# Work task:
Return the whole listing exactly as written.
─── Data block
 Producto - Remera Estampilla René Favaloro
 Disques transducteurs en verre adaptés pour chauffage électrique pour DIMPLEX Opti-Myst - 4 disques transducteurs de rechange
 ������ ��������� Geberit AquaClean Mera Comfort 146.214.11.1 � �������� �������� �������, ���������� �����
──────
# Reply:
 Producto - Remera Estampilla René Favaloro
 Disques transducteurs en verre adaptés pour chauffage électrique pour DIMPLEX Opti-Myst - 4 disques transducteurs de rechange
 ������ ��������� Geberit AquaClean Mera Comfort 146.214.11.1 � �������� �������� �������, ���������� �����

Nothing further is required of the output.